Giulia Andreani est née en 1985 à Venise (Mestre), en Italie. Elle vit et travaille à Paris et Montrouge. Après une formation à l’École des Beaux-arts de Venise, Giulia Andreani s’installe à Paris et étudie l’Histoire de l’Art contemporain, à l’Université Paris IV-Sorbonne. Artiste-chercheuse, elle tient depuis 2010 un « atlas », sorte de journal constitué d’une somme d’images et de documents : archives historiques, still frames, photos de famille, qui constituent la matrice d’une œuvre en perpétuelle ramification. À la manière d’un arbre généalogique, dont certaines branches meurent et d’autres perdurent, certaines images acquièrent une importance grandissante : elles sont triées, recomposées et reproduites sur toile, par le filtre subjectif d’une peinture “aquarellée”, dans un champ chromatique restreint, entre gris et bleu. Giulia Andreani confronte ainsi l’Histoire à sa dépendance vis-à-vis de l’image, pointant les lacunes de la mémoire collective.
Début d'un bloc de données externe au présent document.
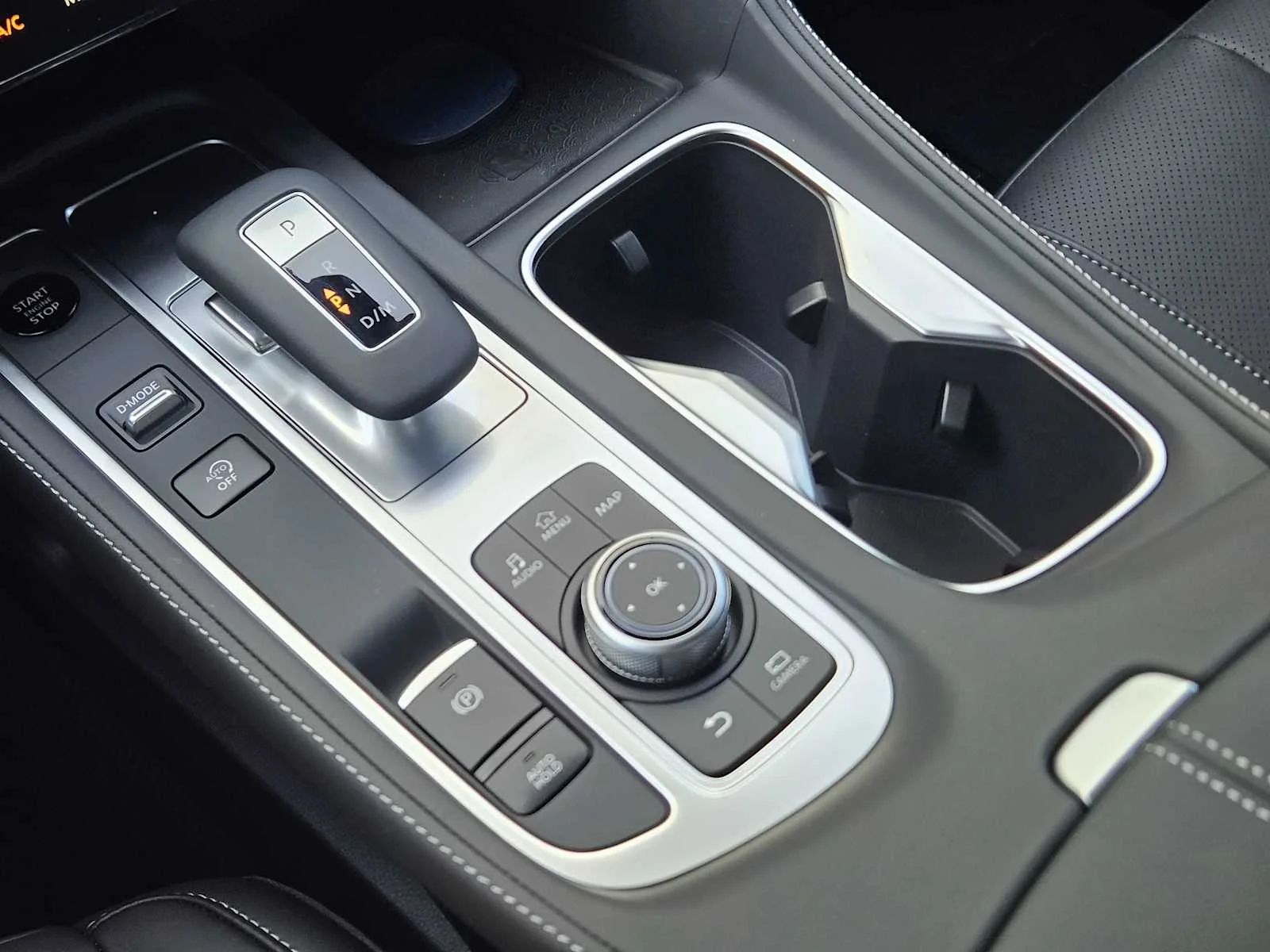 New 2027 RADIANT WHITE INFINITI Sport AWD image 14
Vue de l’exposition Correspondances de Giulia Andreani,
sous le commissariat d‘Alessandra Prandin, avec la participation de l’écrivain pensionnaire Boris Bergmann

Juin 2018, à la Villa Médicis
© Daniele Molajoli / Courtesy de l’artiste et Galerie Max Hetzler, Paris

 

photo portrait © Marc Domage


Découvrez la toile Pensionnaire Modèle dans l’exposition du festival.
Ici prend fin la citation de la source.